Barleywine is a perfect traditional English name for a strong, rich, malty amber to copper colored beer that can have flavors such as caramel, honey, toffee, citrus, sherry and more. Some are semisweet, some relatively dry but usually very flavorful. The American versions can have a lot of hop flavors, aromas and a bitter punctuation to all that malt. They often have at least twice the alcohol of a typical lager, and are meant for sipping. You can can buy Barleywine this time of year in the bottle or on tap here and there, but it is still a relatively unknown style to the general public.
So there we were, standing on rain-drenched Haight Street waiting for 11:00 am so we could go in and order little glasses of potent beer. In our case to share sips and talk about Barleywine flavors with beer blogging friends. The bartenders of the Toronado would be proud of the conversation: people near us were briefing one another on how to order effectively, no chatting up the bartenders, say the size and the numbers of the Barleywine taps clearly and loudly. Have cash ready, tip respectfully. Respect.
All this prep got me discombobulated enough that I managed to drop or leave my wallet after ordering the first flight, standing attentively at the bar with Jessica Jones. Thanks to the beer community and fabulous Toronado bartenders, it was returned to me unscathed in a SF BEER WEEK miracle within the hour, in another corner of the packed premises. But we already admire the Toronado team for dealing with the almost impossible demand for this festival. Hey, thanks!
We had a great time, and saw a lot of happy friends. Peter and Sam Estaniel shared a table with JJ and other friends as planned.
With water and shared tastes, we were doing fine and discussed a lot of excellent beers, as well as identifying some flaws here and there. It was a great tasting experience for our table.
Not everybody takes that approach of course and we saw others who were thoroughly smashed by noon. These are strong drinks, as we all know, and everybody works on a strategy to approach them effectively. This urban drinking survival still life from the bathroom made us laugh too:
(The Beano and the Immodium were not exactly trash — they were not empty, and looked like an attempt to share resources, appease the gods, or else to create an art installation. And there’s science behind this artwork. Barleywine typically has a trace of sweetness and lot of body, both caused by large residual malt molecules that the yeast can’t digest into the combo of alcohol and carbon dioxide gas. We humans are able to further digest those stray large malt-sugars and produce a little gas that the ale yeast could not. The natural Beano enzyme gets to them before our internal enzymes have a chance, and breaks them down without creating gasses. For some reason I find all this beer science interesting, even the part that happens after the beer is poured.)
Hereby nominated for first place award in the category Art and Science installation in a Haight Street bar bathroom, 2009.

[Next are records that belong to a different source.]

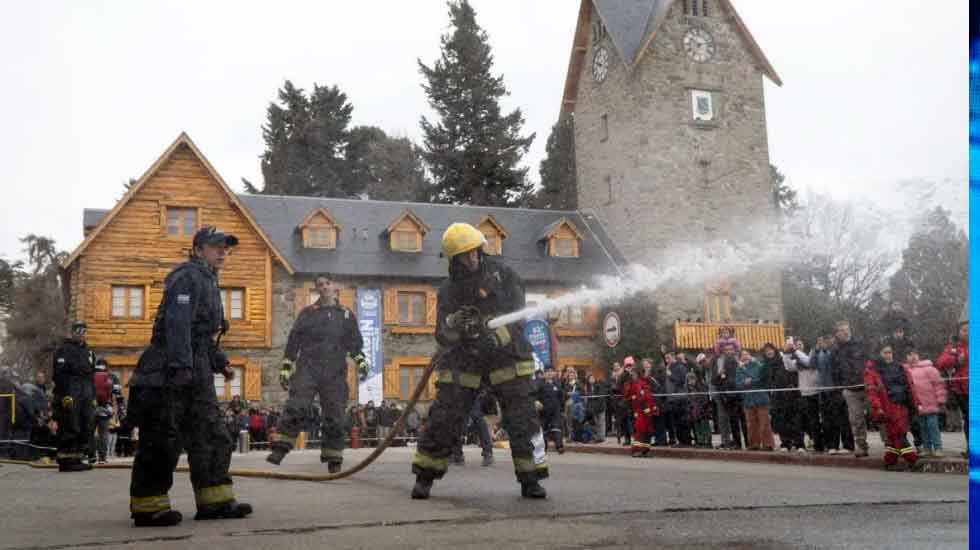 Los Bomberos Voluntarios demostraron sus destrezas en el Centro Cívico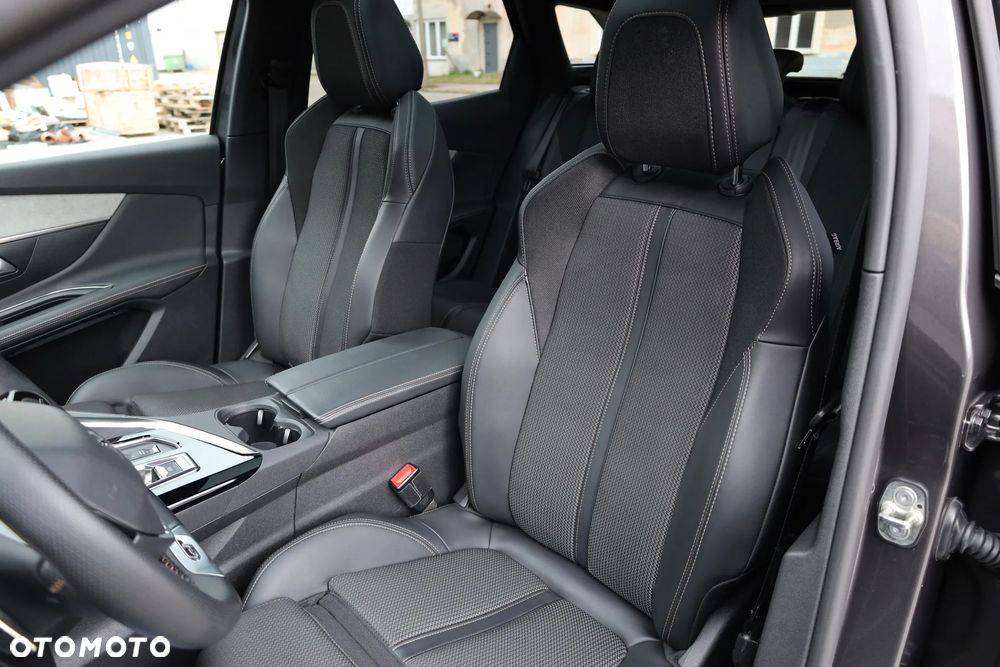 Peugeot 3008 225 e-EAT8 GT - 20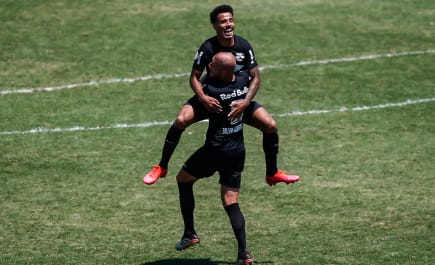 Bragantino vence de virada, segue na liderança do Brasileirão e mantém São Paulo no Z-4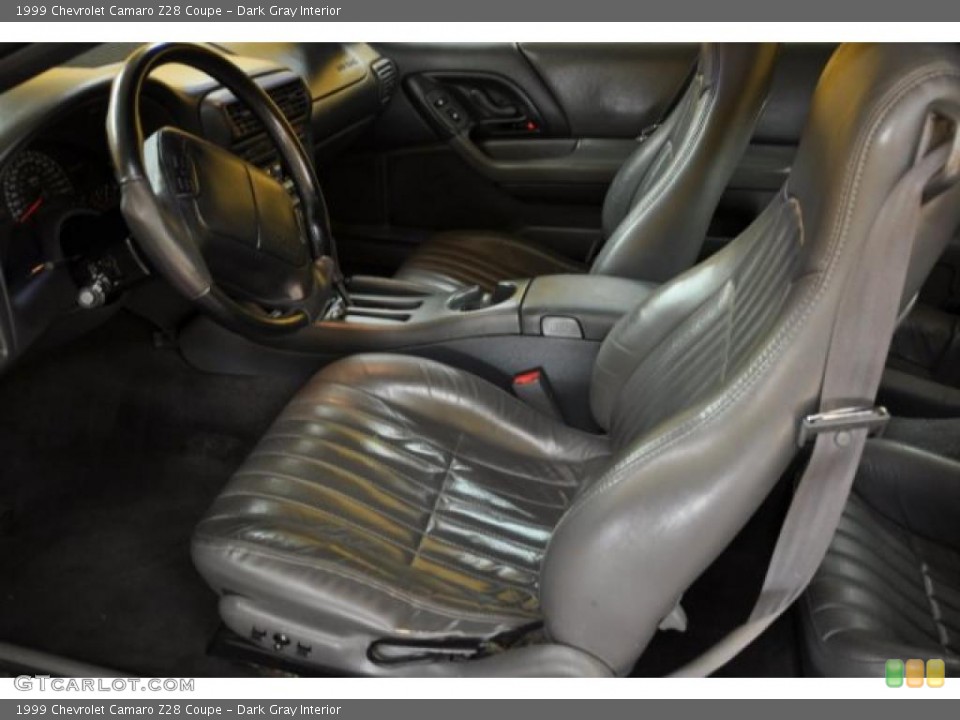 Dark Gray Interior Photo for the 1999 Chevrolet Camaro Z28 Coupe #40996214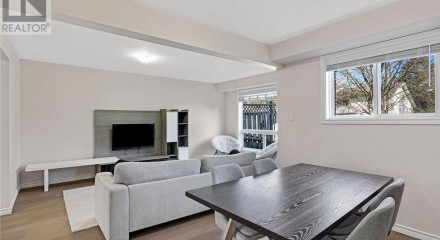 Residential - Condo/Apartment - Waterloo, Canada - Canada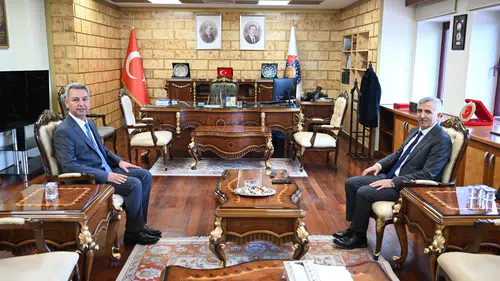 Vali Mükerrem Ünlüer’den Rektör Okumuş’a ziyaret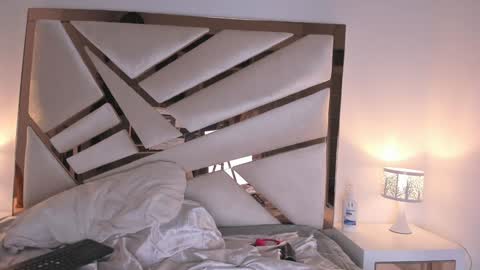 Luisa online show from 12/15/24, 02:59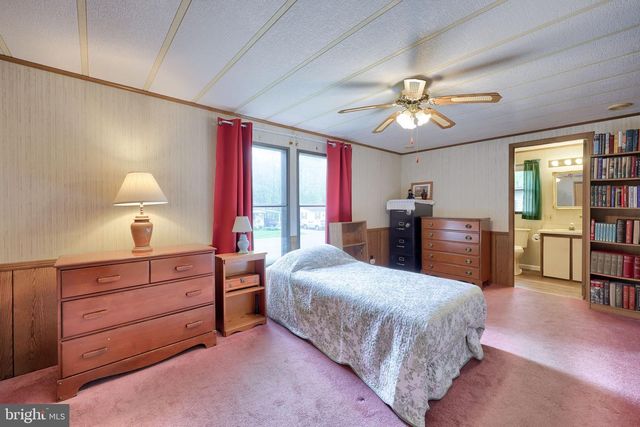 36 MAPLE AVE, Manheim, PA 17545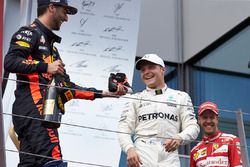 Даниэль Риккардо, Red Bull Racing, и Валттери Боттас, Mercedes AMG F1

As we left, Steve got into yet another conversation, with all the friendly people around. I stood on sidewalk for a while waiting for him to emerge and enjoying the air. First timers, the people we all wanted to see SF BEER WEEK bring in, were walking up to the door and then leaving because it was too packed already. I heard a couple ask “where else do we go for the beer?”
My 2009 SF BEER WEEK feedback, part one:
Schedule something opposite Barleywine fest, someplace in the city, with a different beer style entirely. Perhaps just a Satuday neighborhood passport like that done in a NY Brewfest Festival, so that each of several other bars could have one or two special taps on, and people could walk the circuit to nearby places when they couldn’t get into Toronado. Create other things to go to, since this event has been brutally popular for a decade at least.
Normally I’d say charge us something to get in the door, which addresses some of the happy stampede mentality, and is common among festivals, but the demand for this event is even stronger than the beers, so it wouldn’t help here.
This festival makes a lot of people happy, and was the first place I critically compared great beers side by side, years ago. Thanks for making this impossible event work, Toronado crew members, and “big daddy” Dave Keene.